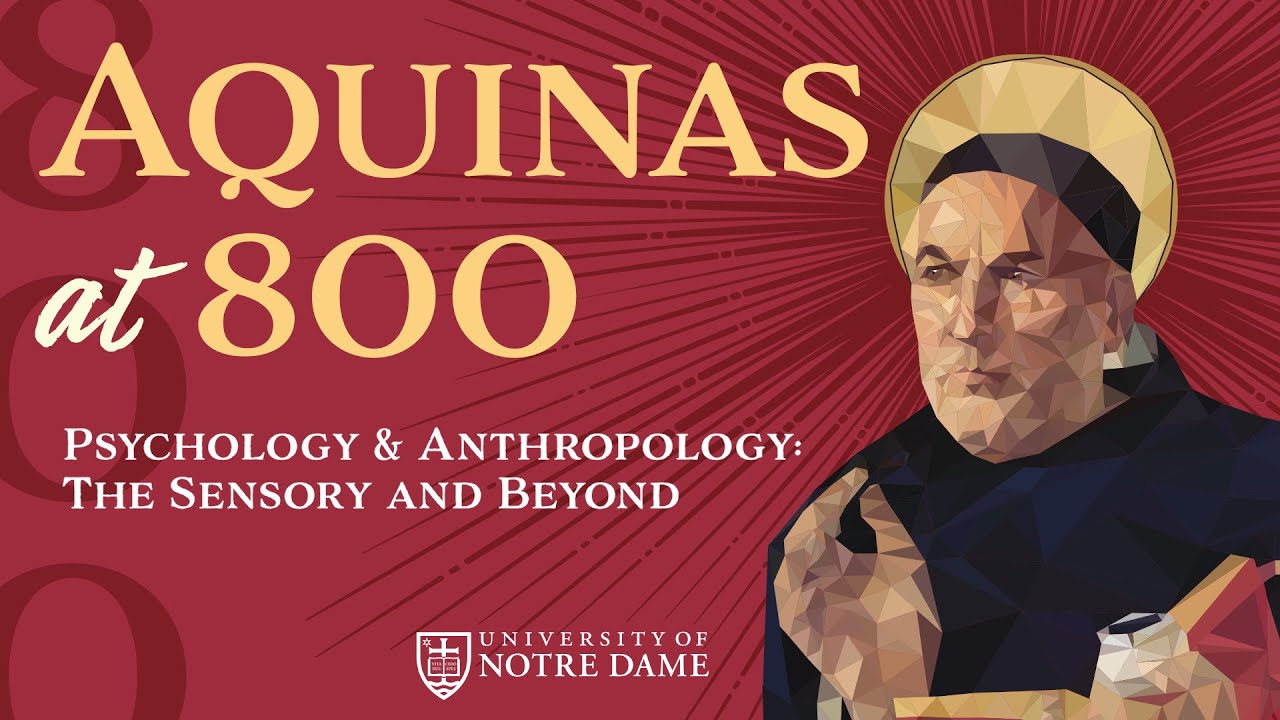 Psychology & Anthropology: The Sensory and Beyond – “Aquinas at 800” Conference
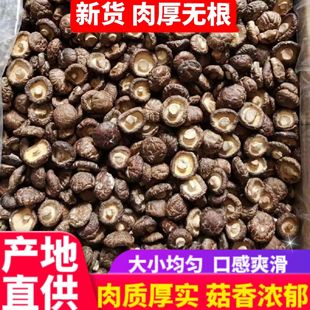 �㹽��؛���������_ɢ�b�㹽�����l���l��������خa��ަ�ľ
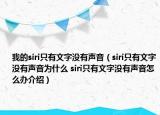 我的siri只有文字沒有聲音（siri只有文字沒有聲音為什么 siri只有文字沒有聲音怎么辦介紹）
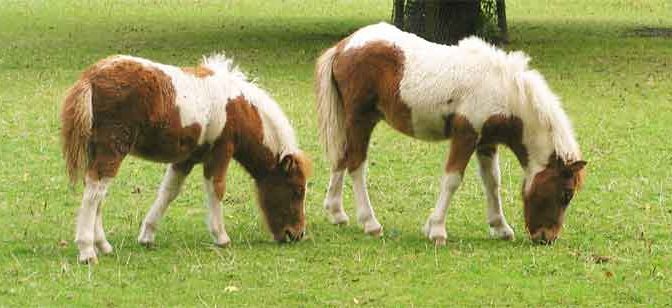 Verschil tussen bouw en bespiering van een paard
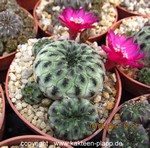 Sulcorebutia rauschii WR289 green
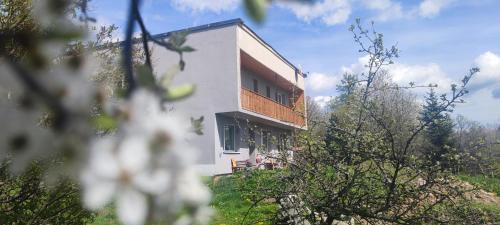 Stiavnicke Bane House | Ružová Vila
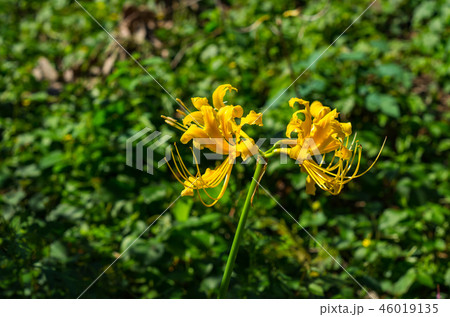 リコリス 46019135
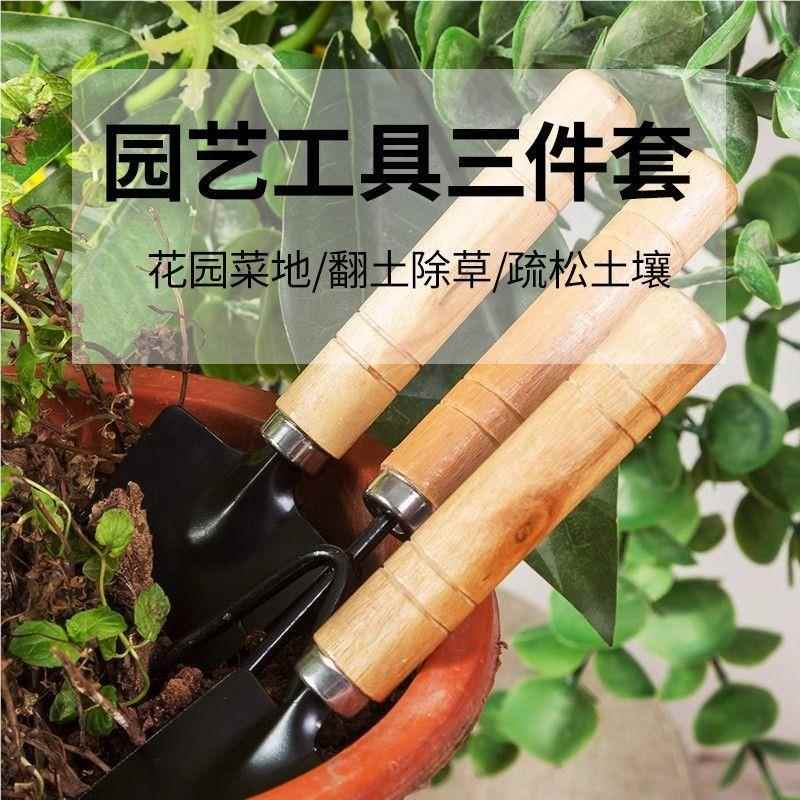 园艺种具植工工具家用松BPO土小子花铲盆栽花艺多肉铲种植三件套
== == ==
DESCRIPTION OF THE TASK:
What is needed is a word-for-word repeat of every line from the line with "我的siri只有文字沒有聲音" to the end of the entries above; leave out the pictures.

RESPONSE BOX:
 我的siri只有文字沒有聲音（siri只有文字沒有聲音為什么 siri只有文字沒有聲音怎么辦介紹）
 Verschil tussen bouw en bespiering van een paard
 Sulcorebutia rauschii WR289 green
 Stiavnicke Bane House | Ružová Vila
 リコリス 46019135
 园艺种具植工工具家用松BPO土小子花铲盆栽花艺多肉铲种植三件套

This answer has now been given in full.